NEW YORK — Elaine Vespermann waited on the corner for his lead.

Only when Preston Martin charged across six lanes of rush-hour traffic did she follow behind him. He waved at cars to keep them at bay. He watched over her until she reached the other side of the street.

After too many close calls, Vespermann, 38, a baby sitter, does not like to cross by herself anymore. “He helps, always,” she said.

New York City’s increasingly frenetic streetscape has become a gauntlet for pedestrians. It is Martin’s job to make sure no one gets run over.

The city’s traffic has become so perilous that even grown-ups need crossing guards. Officially known as pedestrian safety managers, they are vigilant escorts across some of the city’s busiest intersections.

They are not the traffic police; they cannot hand out tickets and their focus is not on keeping cars moving. Instead, they are bodyguards for pedestrians. As soon as the walk sign flashes, they are the first ones into the crosswalk.

So far, they are a fixture in just one Manhattan neighborhood — Hudson Square, a fast-growing commercial hub that is about to become even more crowded with Google planning a $1 billion campus for up to 7,000 workers.

The pedestrian managers stand guard over one of the city’s worst choke points: where Varick Street feeds into the Holland Tunnel. An average of 40,742 vehicles go through the tunnel every weekday to New Jersey and beyond, often backing up onto Varick.

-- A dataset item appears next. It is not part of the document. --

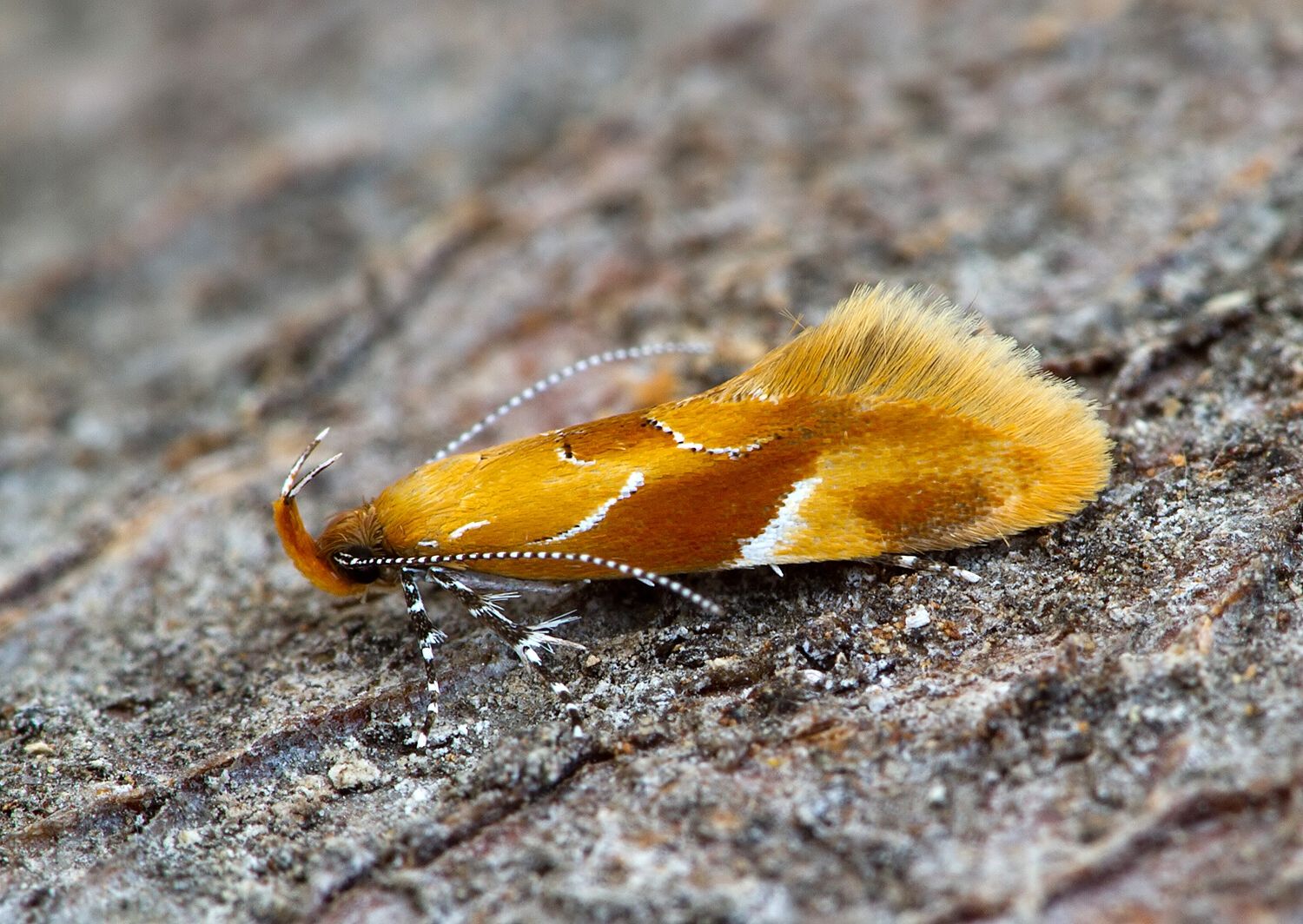 Epicallima formosella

The stretch of Varick between Houston and Spring streets has become one of the most dangerous in Manhattan. Though there have been no deaths, 119 people — including 40 pedestrians and nine cyclists — were injured in crashes from 2012 to 2016, the most recent year available.

Ellen Baer, president of the Hudson Square Business Improvement District, came up with the idea for pedestrian managers in 2011, after seeing traffic managers expertly move people around a construction site at the World Trade Center.

Now, the business district has expanded the operation from three weeknights to every weeknight, from 4 p.m. to 7 p.m.

It costs $300,000 a year, or as much as other neighborhoods spend on street cleaning and trash pickups.